J'étais passé plus d'une fois devant la vitrine sans la remarquer parce qu'elle était éteinte, mais cette fois un peu de lumière jaune comme de l'huile éclairait le décor, si bien que j'ai posé le pied sur l'unique marche du perron et que j'ai poussé la porte, et comme la sirène (ou l'infirmière) s'avançait à ma rencontre, et comme elle avait l'air étonné de me voir, j'ai dit: “Pardon Madame, je vous dérange peut-être...", à quoi, en serrant ses deux mains devant elle (où étaient les ciseaux, où était la seringue?), elle a répondu d'une petite voix précise que la boutique était d'ordinaire ouverte sur rendez-vous, mais qu'elle n'en était pas moins ravie de me recevoir.
“Peut-être alliez-vous fermer?
— Non, non, pas du tout. J'attends de commencer une cuisson. Il me reste à la préparer. J'en aurai pour une partie de la nuit."
J'ai hésité. Avais-je le droit à une autre question avant de la quitter? J'ai dit: “Parce que vous travaillez ici?
— Mais oui. Mon atelier est tout là-bas au fond. Vous pouvez le voir", et elle me l'a montré d'un geste de la main. "Il y a trop de désordre pour que je vous invite à y entrer, mais une autre fois..."
C'était une caverne dont la profondeur était éclairée par de faibles lueurs. Les innombrables coquillages palpitaient dans la pénombre mystérieuse, ils s'ouvraient et se fermaient comme des yeux. J'ai dit encore: “Ne me répondez pas si je suis indiscret, mais depuis combien de temps êtes-vous installée ici?
— Depuis un peu plus de vingt-cinq ans. J'ai appris la céramique à la Villa Arson.
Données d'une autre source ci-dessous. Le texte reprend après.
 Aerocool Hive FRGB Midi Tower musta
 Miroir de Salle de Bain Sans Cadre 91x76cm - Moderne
— Comment ai-je pu, jusqu'à ce soir, ignorer votre présence? Je me promène souvent dans ce quartier! Mais, puisque vous évoquez la Villa Arson, peut-être y avez-vous connu ma vieille amie Yoko Gunji?
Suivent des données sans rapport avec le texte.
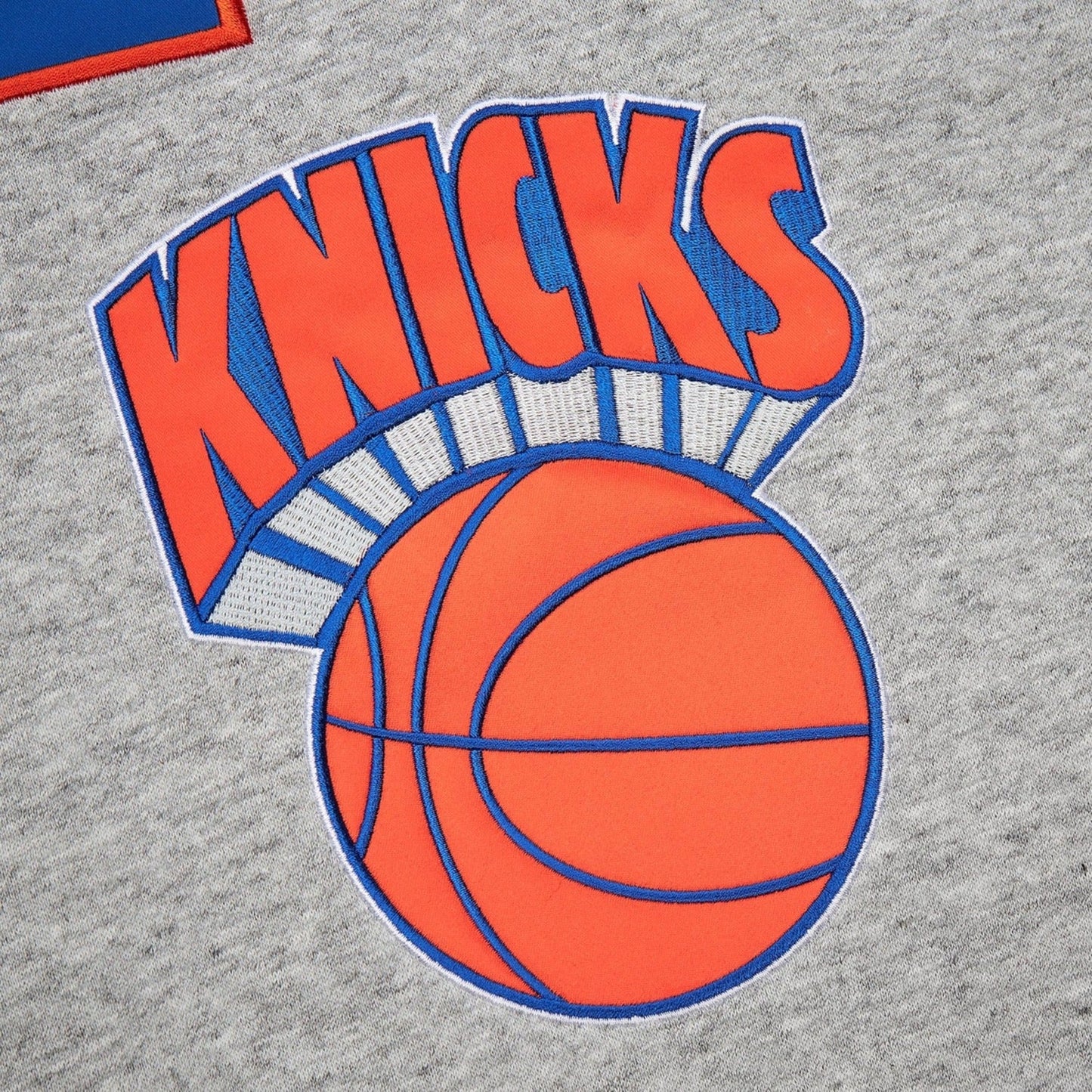 Mitchell & Ness Knicks Full Field Satin Fleece Crew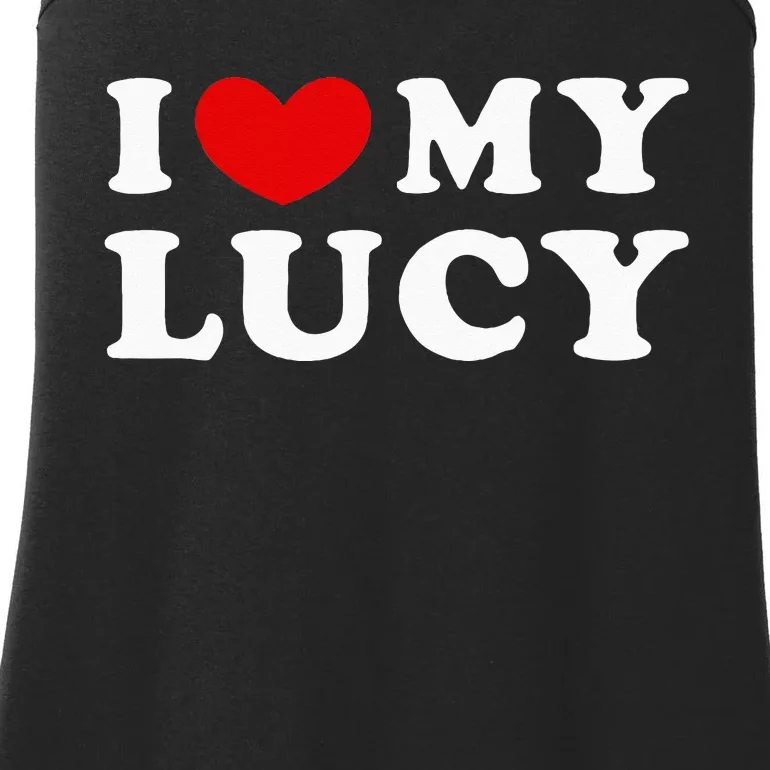 I Love My Lucy I Heart My Lucy Ladies Essential Tank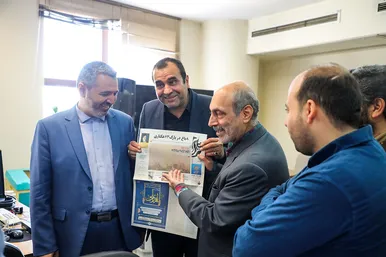 بازدید اعضای شورای اسلامی شهر مشهد از روزنامه شهرآرا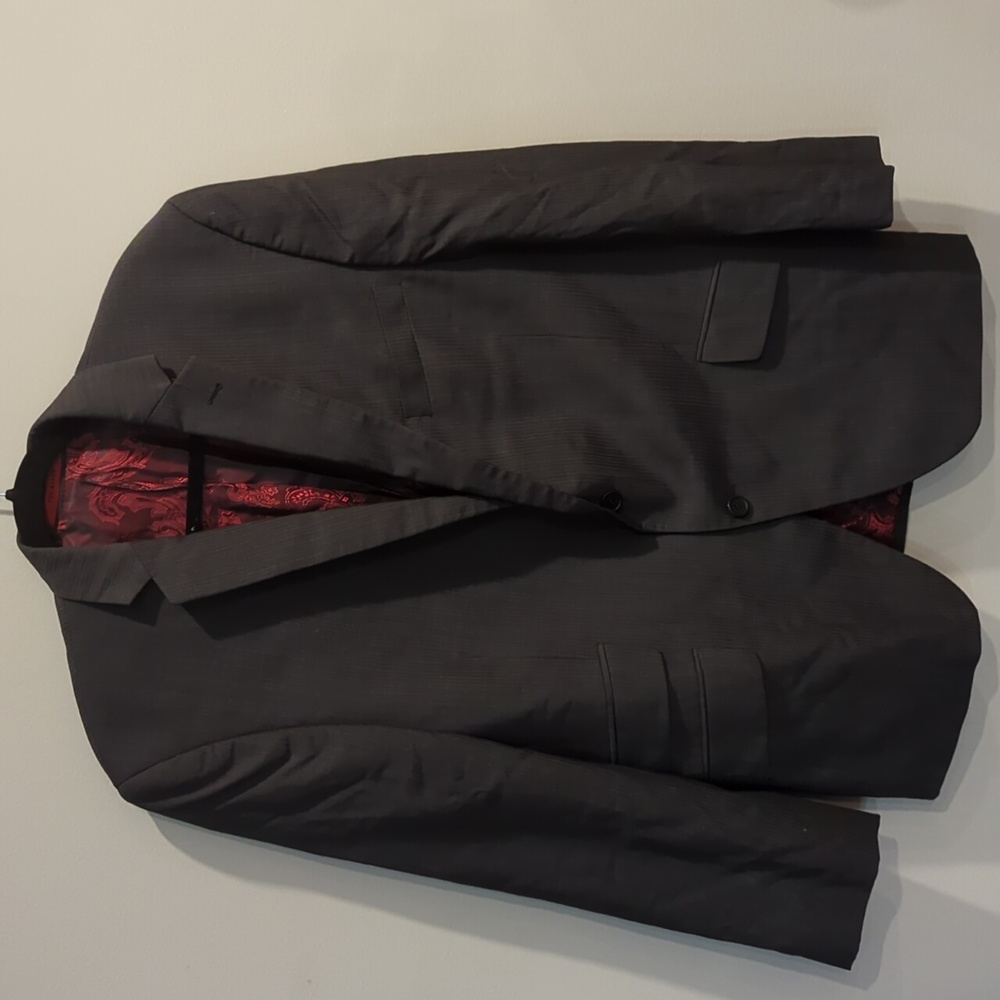 Ted Baker Endurance Joe CT charcoal striped blazer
— Yoko était mon maître. Et elle-même avait été l'élève de Daniel de Momoullin, pendant le temps où elle avait séjourné à Taizé. Elle en parlait souvent.
— Quel digne héritage!" J'avais cherché une formule qui ne fût pas trop emphatique. Celle-ci l'était à peine. J'ai ajouté: “Mais je ne veux pas vous déranger davantage. Je reviendrai une autre fois, et cette fois je prendrai rendez-vous."
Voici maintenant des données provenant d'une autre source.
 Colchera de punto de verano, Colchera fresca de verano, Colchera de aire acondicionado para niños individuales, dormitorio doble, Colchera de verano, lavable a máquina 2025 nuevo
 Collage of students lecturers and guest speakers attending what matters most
— Oh, oui, bien sûr, il faut revenir. Attendez que je vous donne ma carte avec mon téléphone et mon adresse mail. Ne tardez pas. Nous parlerons de Yoko. Je vous montrerai ma table de travail ainsi que mon four. Je vous le promets.”
Avec, de nouveau, le même geste de la main vers les entrailles de l'immeuble où s'enfonçait la boutique et où elle ne tarderait pas à retourner, comme si les figures peintes, grimaçantes ou rieuses, avaient pu l'y attendre.
Sa carte de visite était écrite à la main, à l'envers d'un morceau de carton savamment découpé dans l'emballage d'un produit ménager. Les lettres y étaient tracées à plume, elles montraient volutes et jambages qui auraient convenu à une fée. Je l'ai épinglée chez moi sur un panneau en liège, au milieu de mes photos. Et j'ai retenu son nom — Clara Finnegan — , dont la consonnance irlandaise m'a surpris. Son visage était pâle mais, dans la demi-obscurité, je n'avais pas pu juger de la couleur de ses cheveux.